→ **WHAT THE EXERCISE ASKS**: Copy nothing but the lines from the one containing "stemteachingtools.org/sp/climate-lea…" through the last line of the records, repeated exactly and without pictures.

[Stored entries]
=== Section Start ===

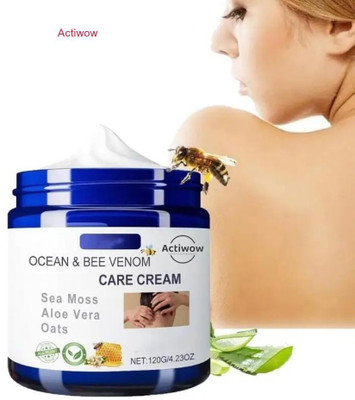ACTIWOW Bee Venom Ocean Cream for Root Nourishment and Hair Hydration A01(50 g)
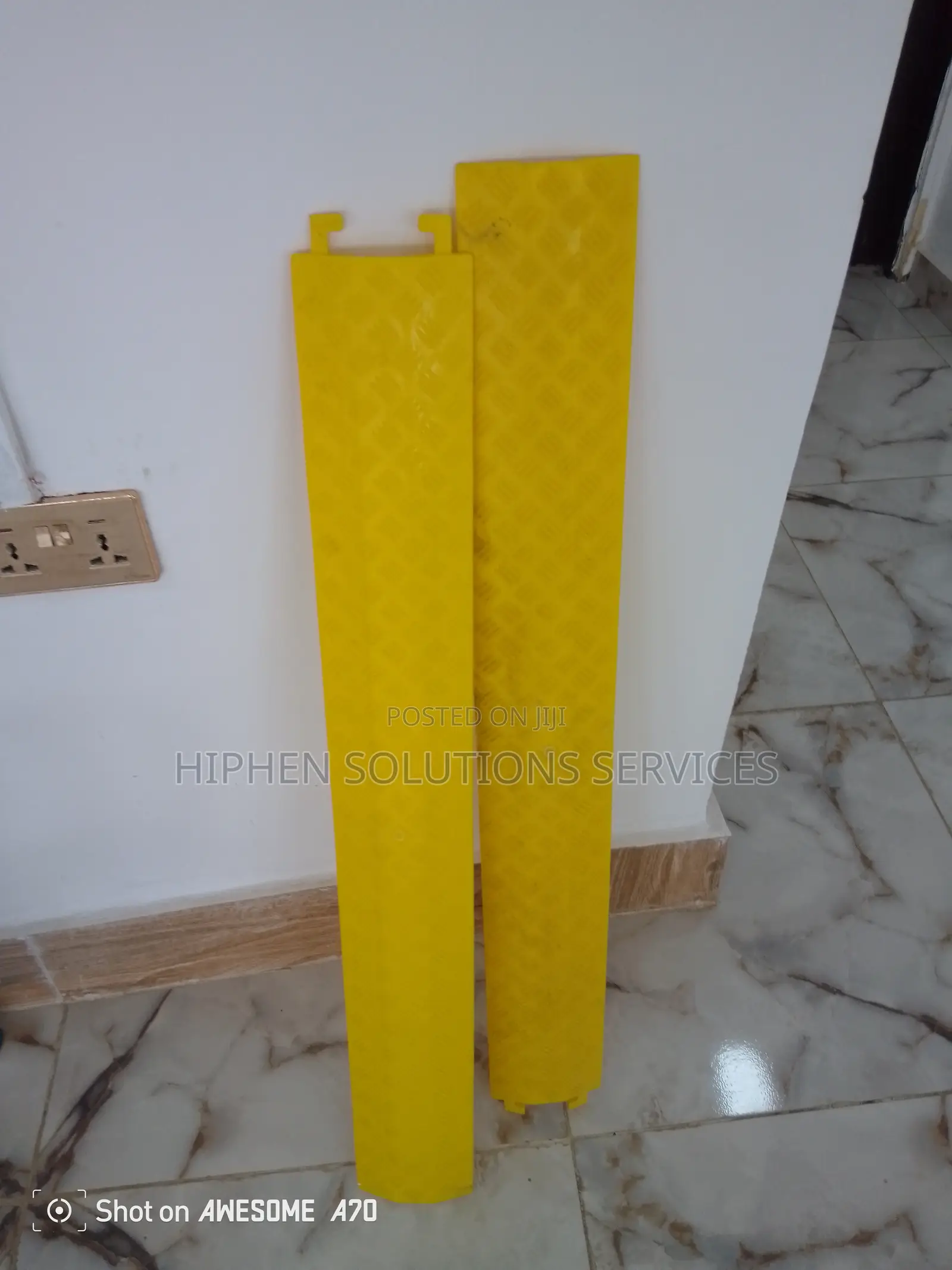 Drop Over Floor Cord Cover For Warehouse Office School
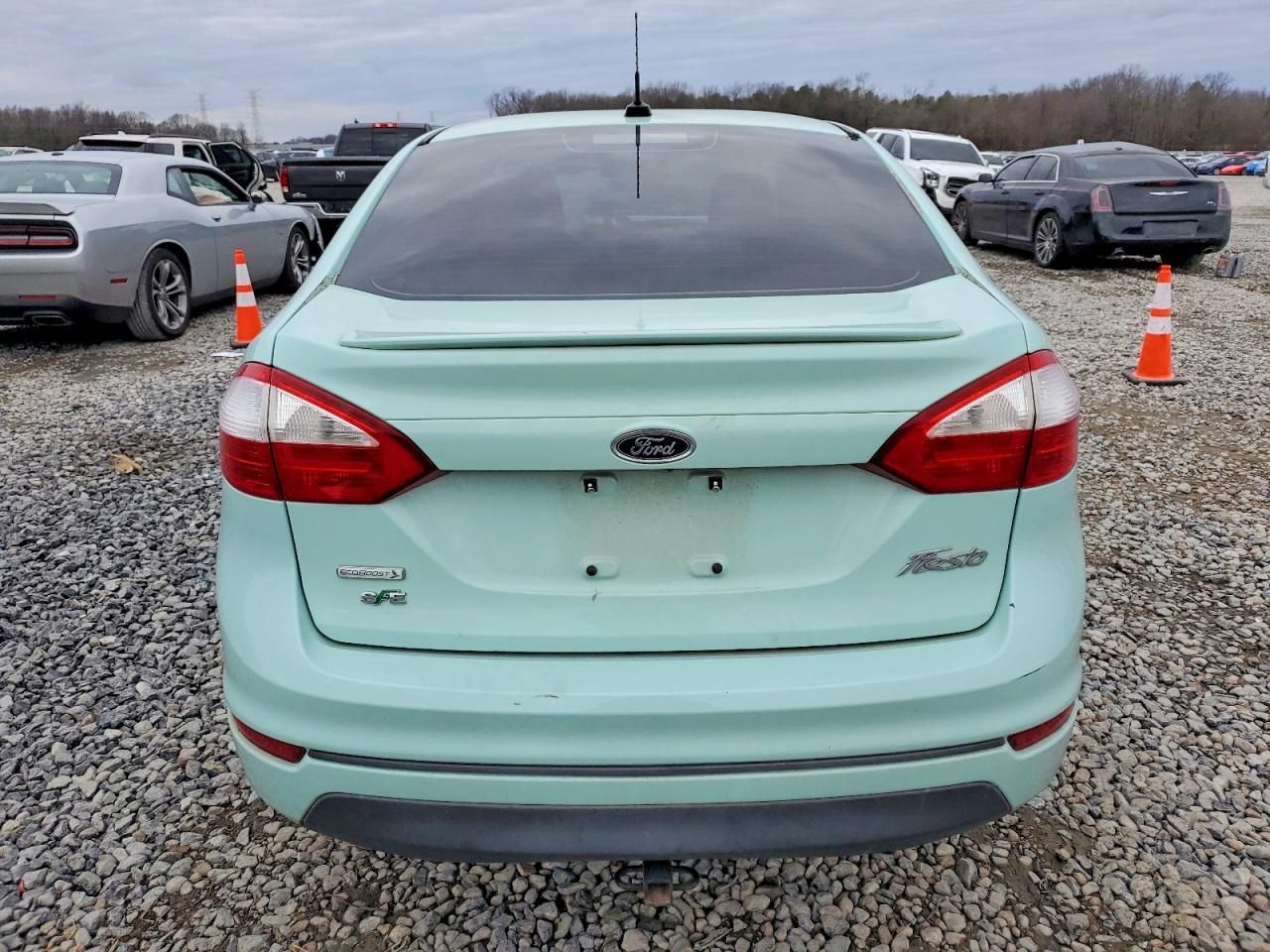 2017 Ford Fiesta se
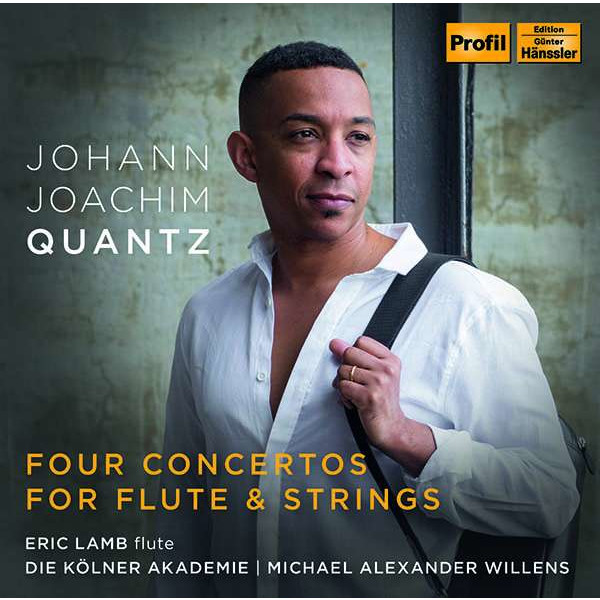 Johann Joachim Quantz (1697-1773): Flötenkonzerte Es-Dur,E-Dur,e-moll,g-moll -   - (CD / F)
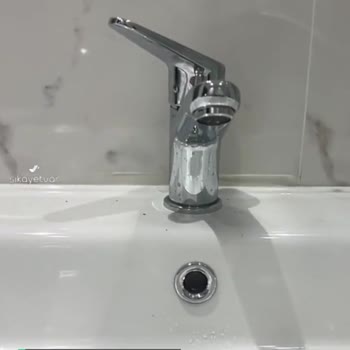 Bakyapı İnşaat Banyo Musluğum Kapalı Olduğu Halde Su Akıtıyor!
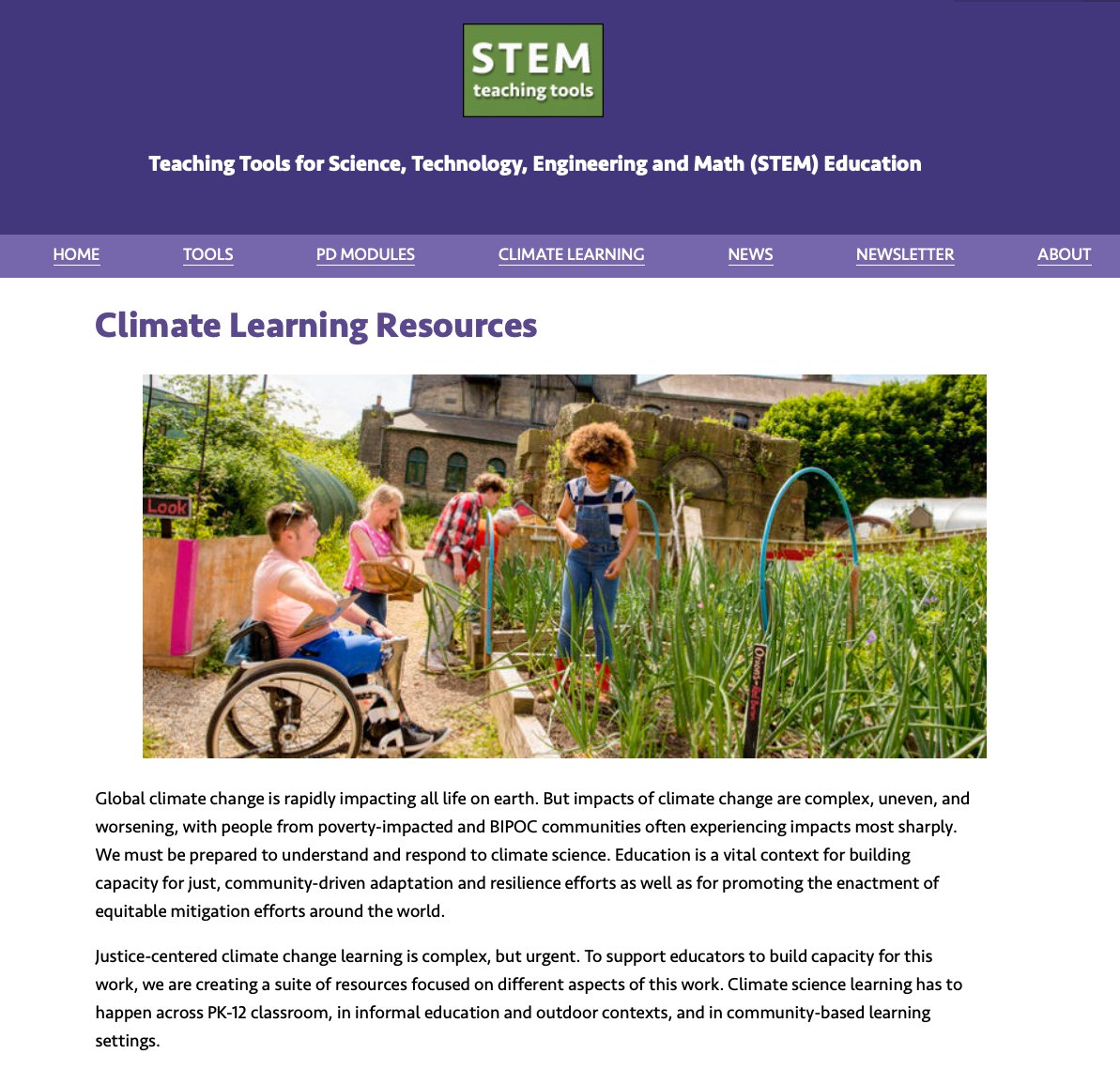 philiplbell's tweet image. You can find our @STEMTeachTools collection of #ClimateLearning resources for educators here…

stemteachingtools.org/sp/climate-lea…

In addition to the webinars, we have practice briefs, 3D #SciEd assessments &amp;amp; practitioner articles describing examples.

And we have many more in development!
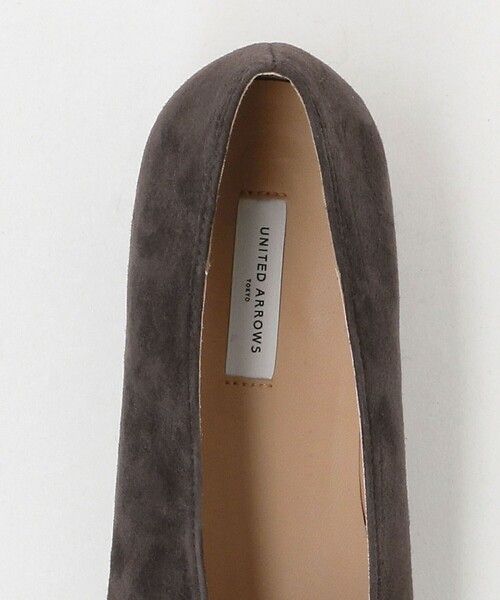 UNITED ARROWS レースアップ パンプス ユナイテッドアローズ UNITED ARROWS パンプス レースアップ フラットパンプス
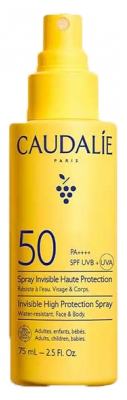 Caudalie Spray Solare Invisibile Alta Protezione SPF50 75 ml
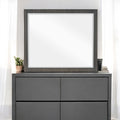 Clayten Espresso Finish Mirror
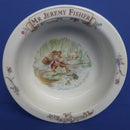 Royal Albert Beatrix Potter Oatmeal Dish Jeremy Fisher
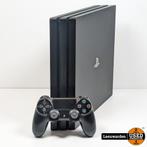 Sony Playstation 4 Pro - 1.00 TB - Inclusief Controller en K, Spelcomputers en Games, Zo goed als nieuw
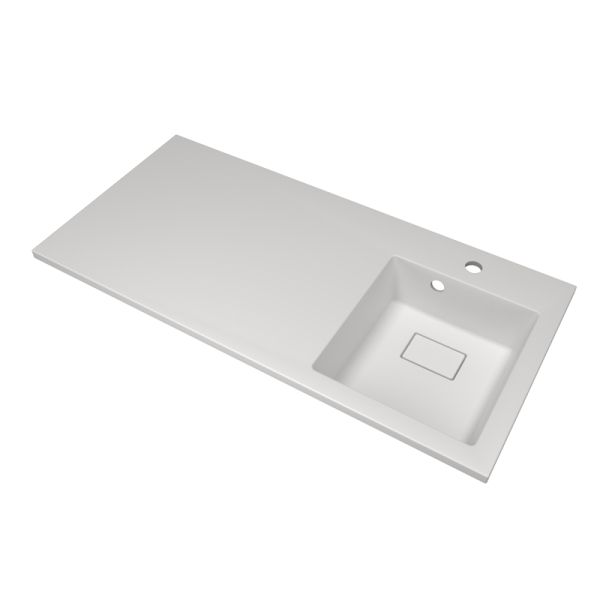 Раковина Florentina Аванти 100 см 10.310.0R100.201, жасмин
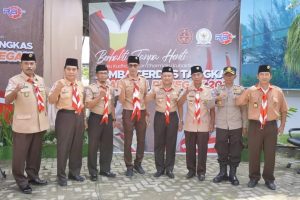 Sekda Hamka Sabri Buka LCT Pramuka Penegak 2021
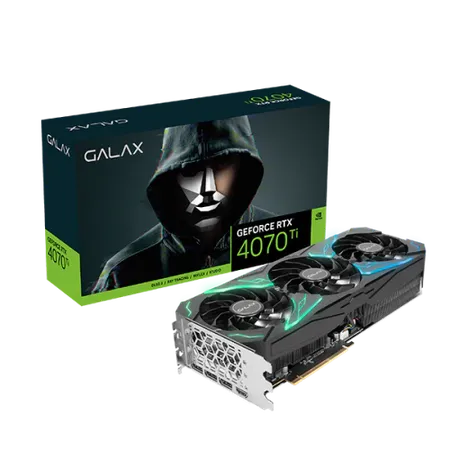 GALAX GeForce RTX 4070 TI SG V2 (1-Click OC) 12GB Nvidia Graphic Card
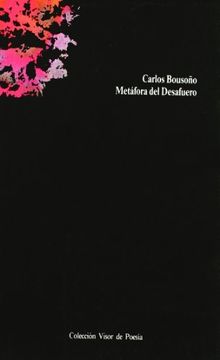 portada Metáfora del Desafuero (Visor de Poesía) (in Spanish)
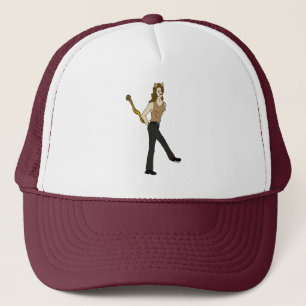 catgirl  trucker hat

=== Section End ===

→ **RESPONSE BOX**:
stemteachingtools.org/sp/climate-lea…

In addition to the webinars, we have practice briefs, 3D #SciEd assessments &amp;amp; practitioner articles describing examples.

And we have many more in development!
 UNITED ARROWS レースアップ パンプス ユナイテッドアローズ UNITED ARROWS パンプス レースアップ フラットパンプス
 Caudalie Spray Solare Invisibile Alta Protezione SPF50 75 ml
 Clayten Espresso Finish Mirror
 Royal Albert Beatrix Potter Oatmeal Dish Jeremy Fisher
 Sony Playstation 4 Pro - 1.00 TB - Inclusief Controller en K, Spelcomputers en Games, Zo goed als nieuw
 Раковина Florentina Аванти 100 см 10.310.0R100.201, жасмин
 Sekda Hamka Sabri Buka LCT Pramuka Penegak 2021
 GALAX GeForce RTX 4070 TI SG V2 (1-Click OC) 12GB Nvidia Graphic Card
 portada Metáfora del Desafuero (Visor de Poesía) (in Spanish)
 catgirl  trucker hat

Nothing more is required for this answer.